8. The computer-implemented method of claim 6, further comprising:

associating, by the computing system, a selected cluster of the selected number of clusters with a level of medical risk for a first health condition;

identifying, by the computing system, in the selected cluster a range of biomarker values associated with at least one biomarker that was not known to be indicative of the first health condition; and

determining, by the computing system, that the range of biomarker values associated with the at least one biomarker is indicative of the first health condition.

9. The computer-implemented method of claim 6, wherein a cluster of the selected number of clusters comprises a subcluster associated with a first level of medical risk for a first health condition that is different from a second level of medical risk for one or more health conditions associated with the cluster.

10. The computer-implemented method of claim 1, further comprising:

for each cluster of the selected number of clusters, causing a determination of at least one respective action to be performed for individuals associated with the cluster, the at least one respective action including a medical screening or a medical intervention.

11. A system comprising:

at least one processor; and

a memory storing instructions that, when executed by the at least one processor, cause the system to perform operations comprising:

receiving a set of biomarker values associated with a set of individuals;

applying a machine learning model to the set of biomarker values to cluster the set of individuals based on the set of biomarker values;

segmenting the set of individuals into a selected number of clusters based on the machine learning model; and

determining a respective medical classification for each cluster of the selected number of clusters.

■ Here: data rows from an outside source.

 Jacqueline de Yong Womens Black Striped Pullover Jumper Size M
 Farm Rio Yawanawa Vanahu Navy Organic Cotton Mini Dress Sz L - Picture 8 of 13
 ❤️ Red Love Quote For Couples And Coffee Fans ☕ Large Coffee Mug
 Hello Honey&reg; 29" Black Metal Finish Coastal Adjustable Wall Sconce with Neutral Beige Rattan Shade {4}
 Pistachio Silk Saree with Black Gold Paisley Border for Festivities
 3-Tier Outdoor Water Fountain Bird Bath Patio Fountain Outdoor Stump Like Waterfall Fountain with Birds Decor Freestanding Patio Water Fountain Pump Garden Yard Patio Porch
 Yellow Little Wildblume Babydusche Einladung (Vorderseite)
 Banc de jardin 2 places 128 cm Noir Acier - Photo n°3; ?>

12. The system of claim 11, wherein the machine learning model is an unsupervised machine learning model.

13. The system of claim 11, wherein the set of biomarker values are associated with biomarkers that are readily available.

14. The system of claim 13, wherein the biomarkers include at least one of age, BMI, blood pressure, LDL, HDL, or A1C.

15. The system of claim 11, wherein the selected number of clusters is based on medical knowledge to position a cut on a dendrogram associated with the set of individuals.

16. A non-transitory computer-readable storage medium including instructions that, when executed by at least one processor of a computing system, cause the computing system to perform operations comprising:

receiving a set of biomarker values associated with a set of individuals;

17. The non-transitory computer-readable storage medium of claim 16, wherein the machine learning model is an unsupervised machine learning model.

18. The non-transitory computer-readable storage medium of claim 16, wherein the set of biomarker values are associated with biomarkers that are readily available.

19. The non-transitory computer-readable storage medium of claim 18, wherein the biomarkers include at least one of age, BMI, blood pressure, LDL, HDL, or A1C.

20. The non-transitory computer-readable storage medium of claim 16, wherein the selected number of clusters is based on medical knowledge to position a cut on a dendrogram associated with the set of individuals.